Mikhail Atallah, professor of computer science, and Victor Raskin, professor of English, have developed a way to embed a watermark in ‘natural language’ text documents as well as sensitive electronic documents. Natural language includes all the spoken languages but not languages created for special purposes, such as computer languages.
The concept of placing watermarks on electronic documents is not new but what makes natural language watermarking unique is that it embeds the watermark in the syntax, or grammatical structure, of the language. A future version of the prototype will embed the watermark in the meaning of the language, as well. This process has never been done before electronically.
One factor making text so difficult to watermark is that, compared to a photographic image, a text document has very few places in which to hide watermarks.
‘Every pixel in a full-screen image contains information,’ said Raskin. ‘There is a lot of redundancy in the image.’
That redundancy is what makes it possible to embed a watermark. One could, for example, switch a few blue pixels to red. If a field of blue surrounds the red pixels, the image itself is still seen as blue.
Text documents are another story, Raskin said. ‘In natural language, there is no redundancy. That is, every word means something. If you change it, you change the meaning of the sentence. That’s the difficulty.’
To get around this problem, Atallah and Raskin have developed a way to embed a watermark using the structure of language itself.
Natural language watermarks, unlike those used in images, do not embed something physical in the text. Language watermarks instead introduce very slight changes in the grammatical makeup of selected sentences throughout a document, while keeping the meaning intact.
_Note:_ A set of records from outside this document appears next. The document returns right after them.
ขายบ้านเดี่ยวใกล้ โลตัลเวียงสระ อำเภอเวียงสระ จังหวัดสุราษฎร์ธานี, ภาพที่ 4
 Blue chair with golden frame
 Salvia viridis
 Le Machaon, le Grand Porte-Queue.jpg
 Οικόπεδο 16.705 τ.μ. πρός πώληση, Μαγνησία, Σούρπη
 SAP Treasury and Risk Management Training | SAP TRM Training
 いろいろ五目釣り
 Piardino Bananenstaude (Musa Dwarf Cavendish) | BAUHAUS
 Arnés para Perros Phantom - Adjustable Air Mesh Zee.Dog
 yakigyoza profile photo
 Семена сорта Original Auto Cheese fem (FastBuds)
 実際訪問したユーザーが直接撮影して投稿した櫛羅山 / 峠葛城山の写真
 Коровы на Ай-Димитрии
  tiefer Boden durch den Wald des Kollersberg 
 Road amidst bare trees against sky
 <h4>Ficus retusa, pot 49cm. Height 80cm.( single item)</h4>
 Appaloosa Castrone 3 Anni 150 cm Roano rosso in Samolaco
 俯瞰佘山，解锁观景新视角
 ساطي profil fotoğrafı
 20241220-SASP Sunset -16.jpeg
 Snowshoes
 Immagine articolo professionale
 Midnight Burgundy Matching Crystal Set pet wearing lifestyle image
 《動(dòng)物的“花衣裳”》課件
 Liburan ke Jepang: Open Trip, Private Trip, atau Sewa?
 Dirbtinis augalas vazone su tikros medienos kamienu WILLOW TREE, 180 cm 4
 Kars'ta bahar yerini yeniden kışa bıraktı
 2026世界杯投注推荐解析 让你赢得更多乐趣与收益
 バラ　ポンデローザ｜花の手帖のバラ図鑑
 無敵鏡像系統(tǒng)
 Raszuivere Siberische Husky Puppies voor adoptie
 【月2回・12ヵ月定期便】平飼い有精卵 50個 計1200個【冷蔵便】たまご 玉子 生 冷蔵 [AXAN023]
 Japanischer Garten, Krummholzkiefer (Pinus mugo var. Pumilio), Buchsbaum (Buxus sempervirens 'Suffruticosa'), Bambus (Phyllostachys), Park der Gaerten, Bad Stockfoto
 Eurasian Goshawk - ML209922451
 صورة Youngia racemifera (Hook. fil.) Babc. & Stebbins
‘What we embed is not something you can see,’ said Raskin, ‘It’s in the invisible syntactic structure.’
A watermark is introduced throughout a document using an encryption algorithm based on a very large prime number. This large number is the mechanism required to retrieve a watermark. The algorithm selects certain sentences in a document and subtly changes their syntactic structure.
For example, a sentence in a document may read ‘Ships in the vicinity may provide some additional assistance.’ After the document has been watermarked, the sentence will read, ‘Some additional assistance may be provided by the ships in the vicinity.’
Another factor making this technique difficult to implement is that it must be resistant to change, Atallah said.
‘We wanted to make our scheme resilient to simple changes in the text that are easy to make by automated processes, such as synonym substitutions,’ he said. ‘If you change one word for another throughout the whole document, we would expect the watermark to still be there. It turns out that it’s resilient to a lot more than that. It’s also resistant to insertions and deletions of sentences.’